The Texas House on Monday moved to alter the way criminal defendants can be released from jail before trial. The priority legislation would, in part, require judicial officers to use a risk assessment tool when making bail decisions and ban cashless release for those accused of some violent or sexual crimes.
House members initially approved House Bill 20 after significant changes — largely by the bill’s author — were made on the floor.
“The goal today is to strike a balance in which we provide … credible information to our trained magistrates so that they can determine that those that are low risk have a chance to get out while those who are higher risk, with a violent offense or a violent criminal history, they don’t easily pay and immediately walk on the street the next day and do something else that harms us,” said state Rep. Andrew Murr, the Junction Republican who authored the bill.
Named the Damon Allen Act after a slain state trooper, HB 20 was deemed an emergency item by Gov. Greg Abbott at the beginning of the legislative session after similar legislation failed in 2019. The suspect in Allen’s shooting death during a 2017 traffic stop was out of jail on cash bail at the time.

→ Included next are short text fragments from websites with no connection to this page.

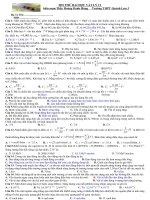 đê&đáp án thi thử ĐH L4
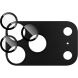 Захисне скло на камеру IMAK Camera Lens Combo для iPhone 18 Pro Max - Black (423873B). Фото 4 з 12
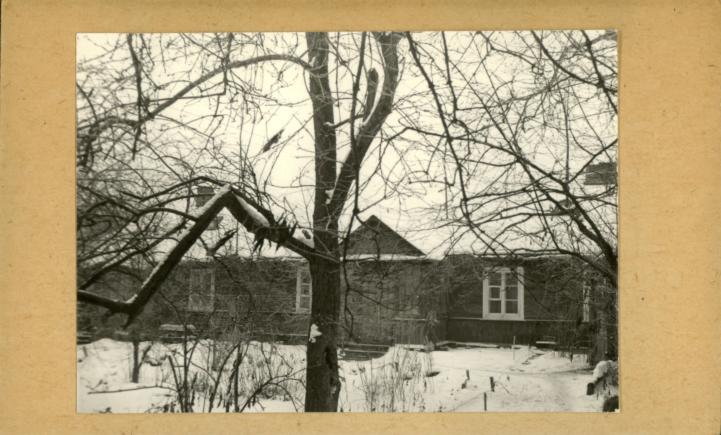 budynek mieszkalny, skan 2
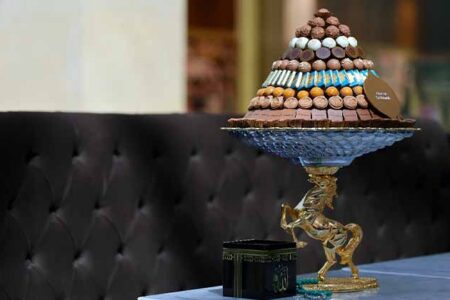 Celebrate Eid Al-Adha with Läderach’s Handcrafted Swiss Chocolate Collections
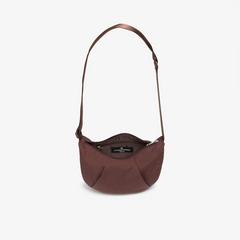 Cloudsteppers Crescent Crossbody Bag — Brown 4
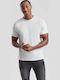 Fruit of the Loom Fruit Loom Original T Men's Promotional T-shirt Short Sleeve White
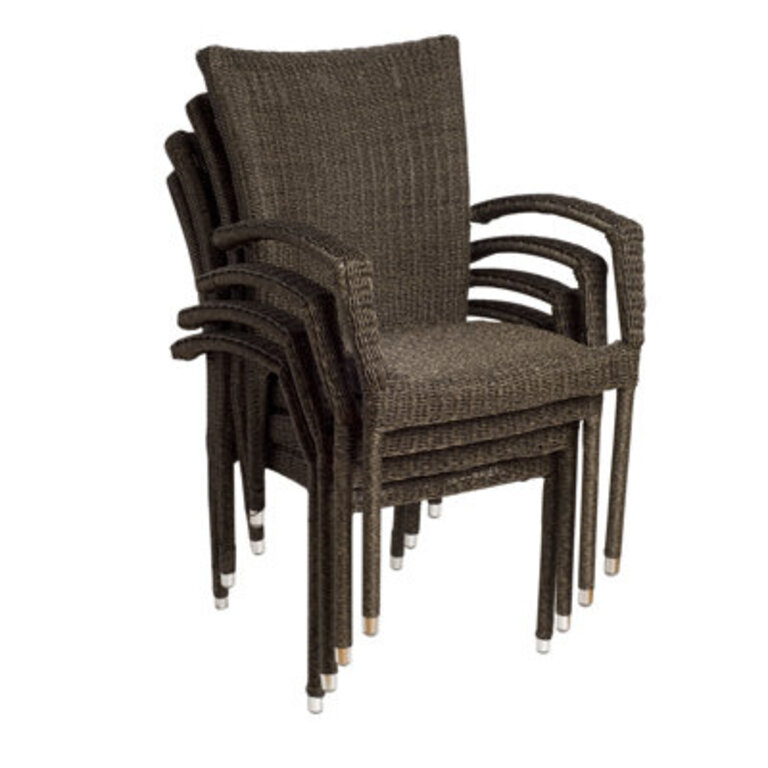 Alyisa Stacking Patio Dining Chair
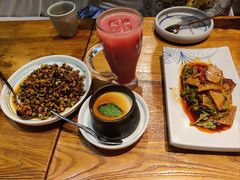 -云海肴·汽锅鸡·云南菜(天津国金汇店)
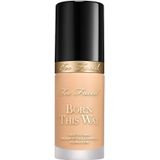 Too Faced - Born This Way Original - Foundation - 30 ml - Hydraterende Make-up Tint Vanilla
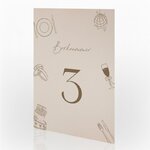 Bordnummer bryllup, 11359b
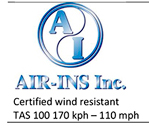 certificaciones_Air-Ins Wind Resistant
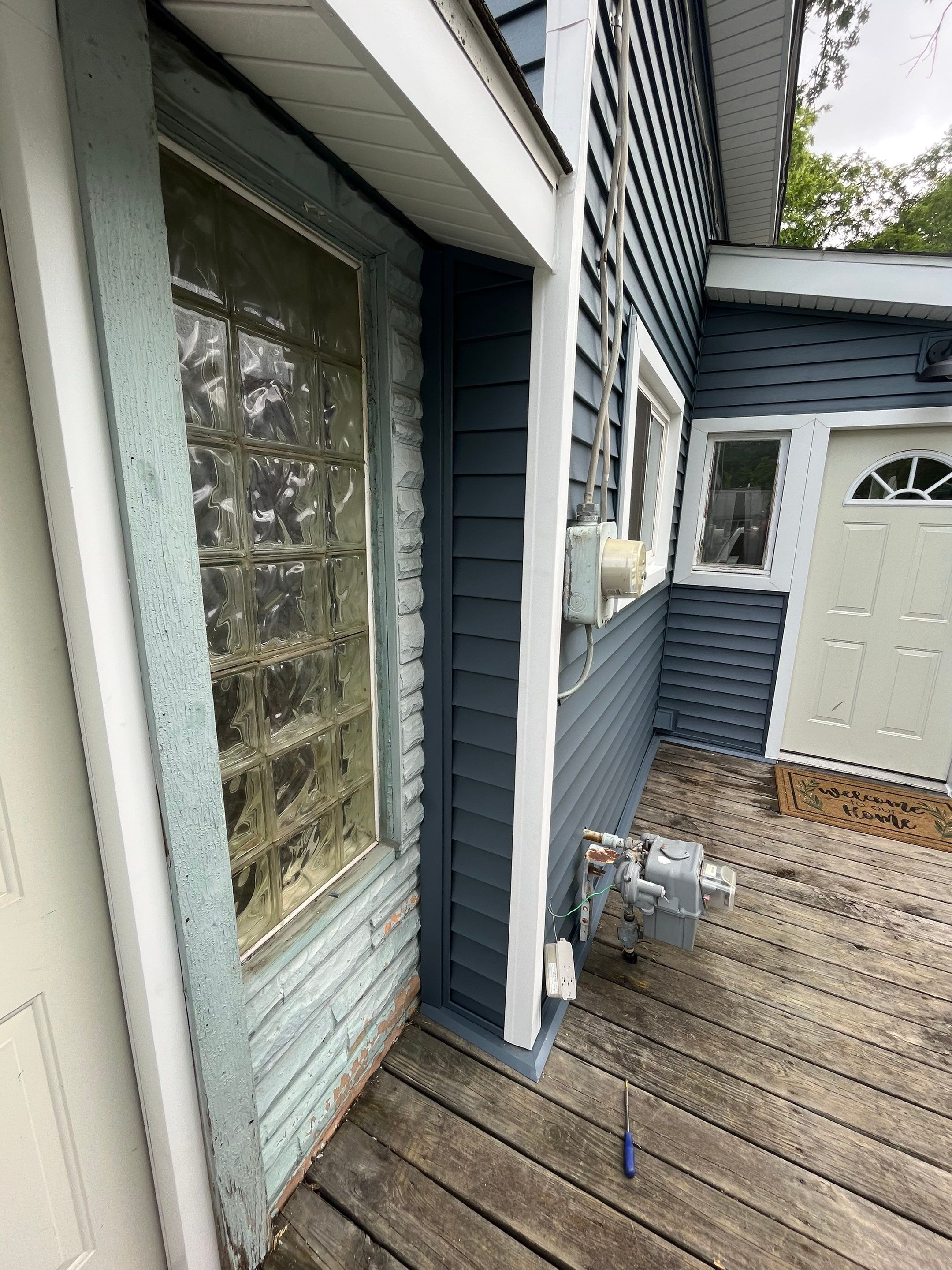 Siding Replacement using CertainTeed Restoration Classis D4 by 180 Contractors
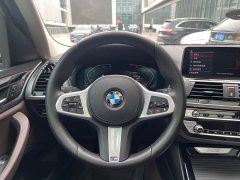 BMW X3 xDrive25i M Sport Package - ფოტო 9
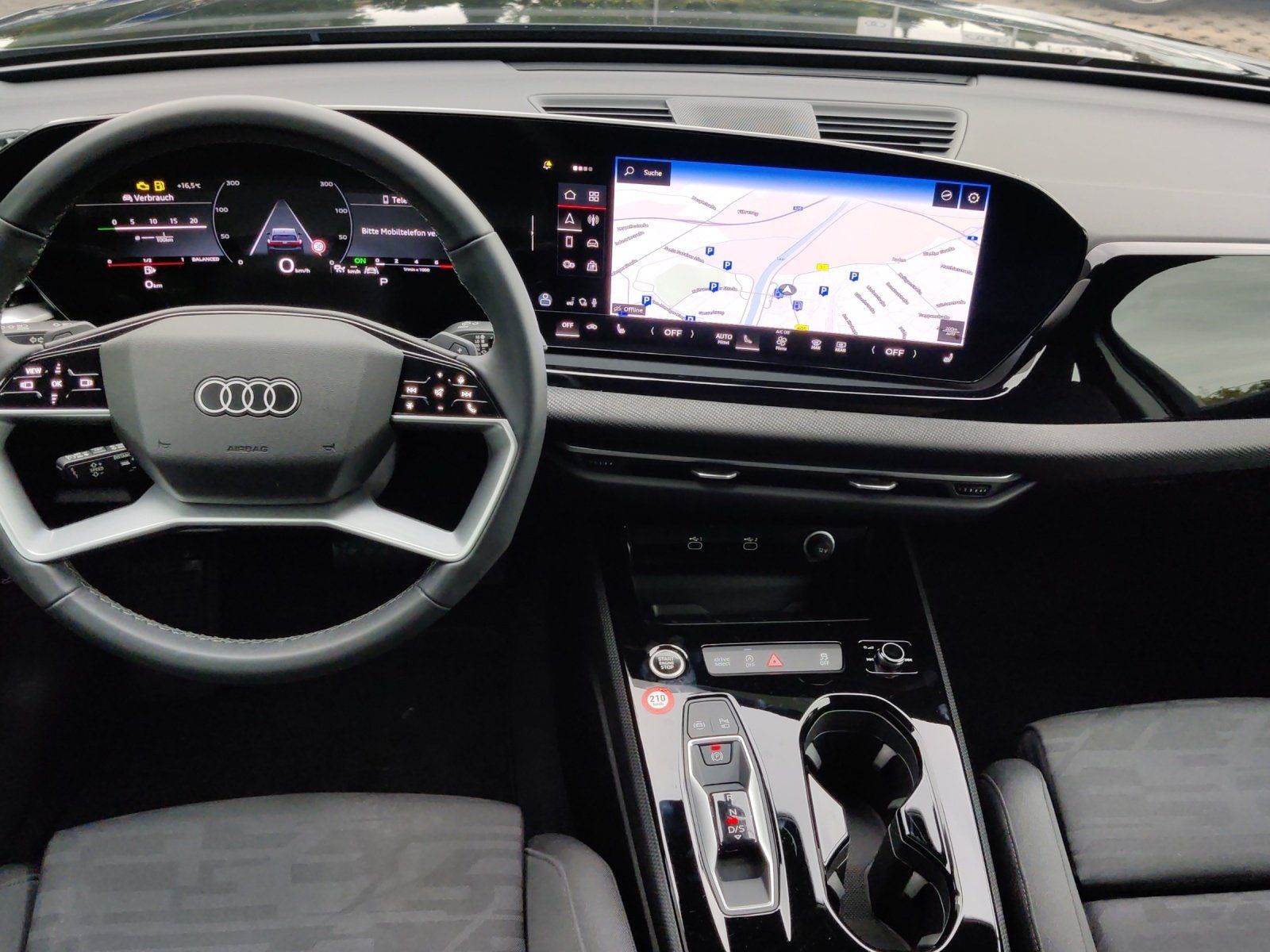 Fahrzeugabbildung Audi A5 Avant TFSI 150 kW S tronic Kamera, ACC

On Monday, the bill was tentatively approved by the House on a simple voice vote, but it still needs a final vote before it is sent to the Senate — where its future is uncertain. Last month, the Senate passed a competing priority bail bill which varies significantly from the House’s measure. Senate Bill 21 since has stalled in the House Criminal Jurisprudence Committee.
When making bail decisions, courts decide what restrictions are needed to release from jail a defendant who is legally presumed innocent while ensuring the person comes back to court and does not present a threat to public safety. Most often in Texas, that decision is currently based on a dollar amount.
The cash-reliant system has long prompted criticisms from bail reform advocateswho argue it unfairly keeps poor people locked up while similar defendants with cash walk free. And federal courts have found bail practices in Texas’ two most populous counties unconstitutional for discriminating against poor defendants.